🎙️ Exciting news 🔥 I recently had the honor of being a guest on Solenne Niedercorn-Desouches's Finscale podcast, a French-language program. Based in Luxembourg, Solenne is a seasoned financier and versatile interviewer renowned for her engaging and warm interviewing style. Our discussion spanned topics such as Europe, alternative assets (especially venture capital), and The Family, featured in the episode titled Hors-Série #20 - Détours Européens avec Nicolas Colin. You can find this episode on Apple, Spotify, and other listening platforms. If you're fluent in French 🇫🇷 I highly recommend giving it a listen! 🎧
As for today's essay, it reviews nine key ideas that have been central to this newsletter over the past seven years, including topics discussed with Solenne in the podcast. We'll explore how much these ideas are still valid in 2024. Letting go of ideas can be challenging, especially when they've helped shape our identity. Many ideas have contributed to my identity as an entrepreneur and a writer. However, not all ideas withstand the test of time. Read on 👇
1/ The Age of the Multitude
My initial exploration of technology's impact on the world was through a book co-written with my friend Henri Verdier, now the French Ambassador for digital affairs, during 2011-2012 (title: L’Âge de la multitude, with the second edition published in 2015). Guided by Henri's vision, we centered the book on the premise that technology empowers individuals, enabling them to surpass the influence of organizations—a concept we believed explained the current paradigm.
A dozen years later, I wonder if our thesis still stands. My doubts are inspired by two main observations. Firstly, we assumed this empowerment would compel companies to prioritize exceptional user experience. However, has this idea turned to ‘shit’? Cory Doctorow captured the shift in the concept of the “enshittification” of platforms (a topic I recently discussed (in French) with my wife Laetitia Vitaud on our Nouveau Départ podcast).
Secondly, the emergence of artificial intelligence challenges our thesis further. If companies can harness large language models that mimic the collective power of individuals, the dynamic between the multitude of humans and large organizations could shift dramatically. All in all, though not the focus of this edition, it's clear that the concept of the Age of the Multitude requires a substantial revision.
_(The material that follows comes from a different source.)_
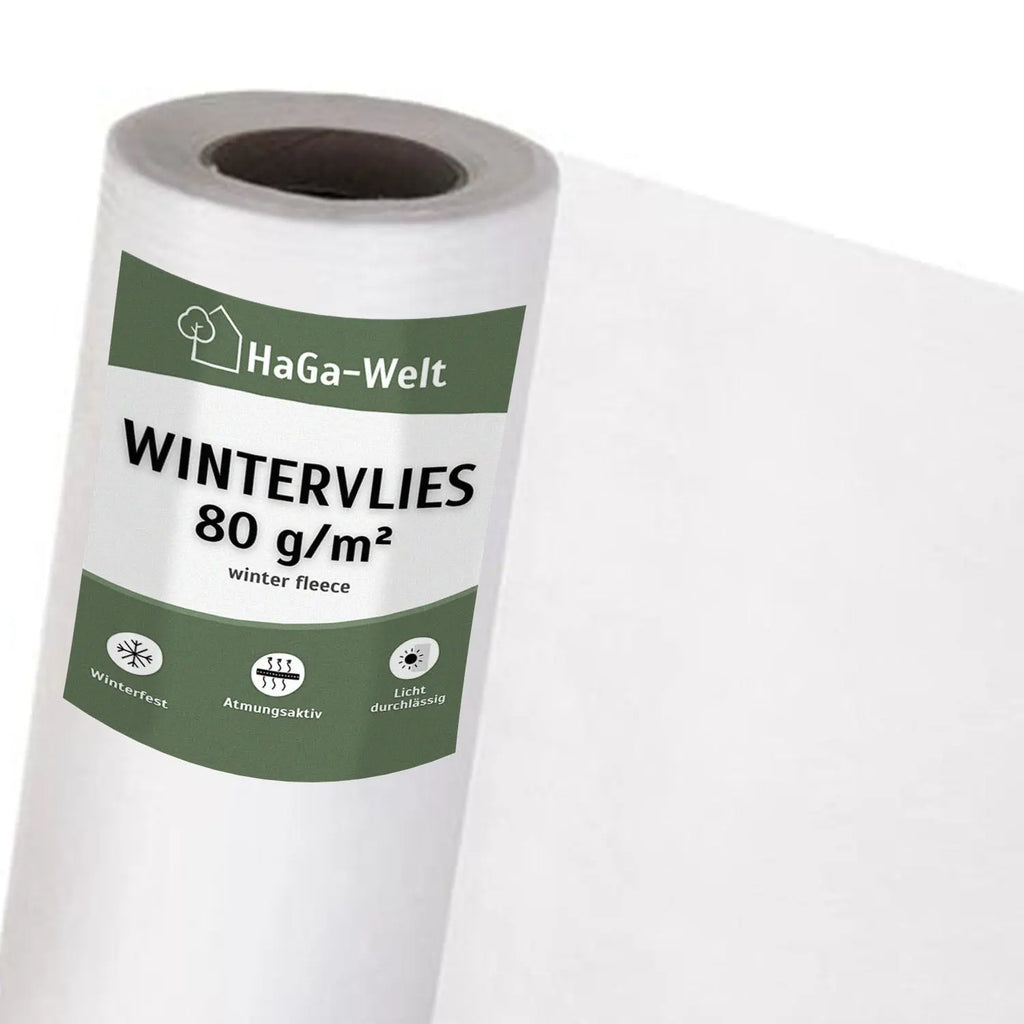Wintervlies 80g/m² Kälteschutzvlies Pflanzenschutz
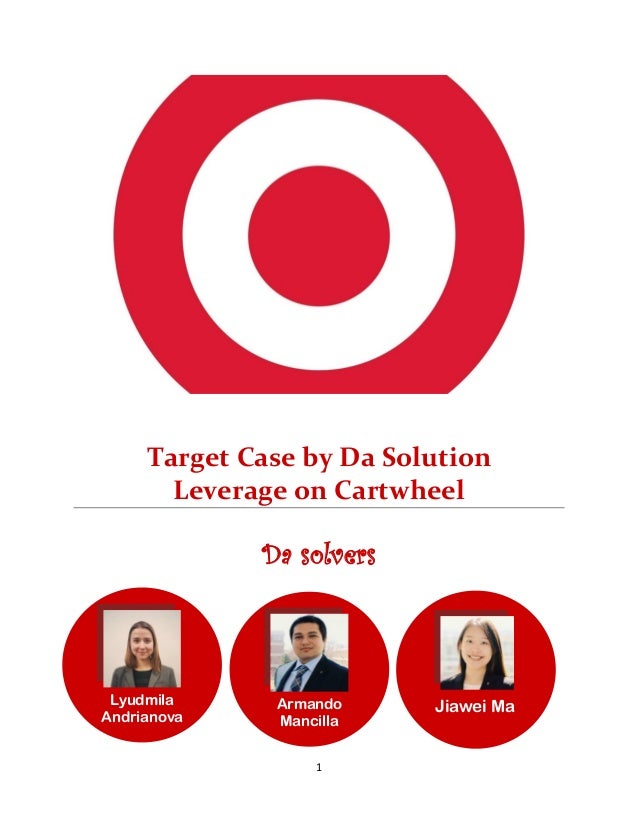 Our very awesome Target Case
2/ The Age of Computing and Networks
Between 2012 and 2015, while working on the second edition of L'Âge de la multitude, I was greatly influenced by Venezuelan-British economist Carlota Perez's thinking. Her 2011 interview with Fred Wilson is essential viewing for understanding the technology-led “Great Surges of Development,” which every 70 years or so redefine production, consumption, and labor around pivotal technologies—currently computing and networks.
Henri and I had effectively applied these concepts to explain the rise of the “Multitude” as the driving force of our age: the evolution of personal computing devices, from the 1971 microprocessor to the 2007 iPhone, and the growth of networks that exponentially boost individual power.
However, the current debate (including my own views on the door closing on startups) questions whether we're now moving beyond the Age of Computing and Networks. Though advancements in energy, space, healthcare, and agriculture hint at a new, different technological revolution, the AI boom—powered by advanced computing (credit to Nvidia) and networks (think large language models functioning as virtual ant colonies)—suggests we're still navigating this era, with still much to leverage.
3/ Capitalism and the Corporate Contract
In 2019, I discovered historian Fernand Braudel's insightful perspective on capitalism. He views it as the process of integrating capital into the production system, allowing companies to surpass the limitations of the merchant economy and achieve precious increasing returns to scale. This concept refined my understanding of corporations as entities balanced precariously among three stakeholders: customers seeking better quality at lower prices, employees demanding higher wages and improved working conditions, and shareholders aiming for greater returns on their investments, with the distinct ability to change top management if dissatisfied.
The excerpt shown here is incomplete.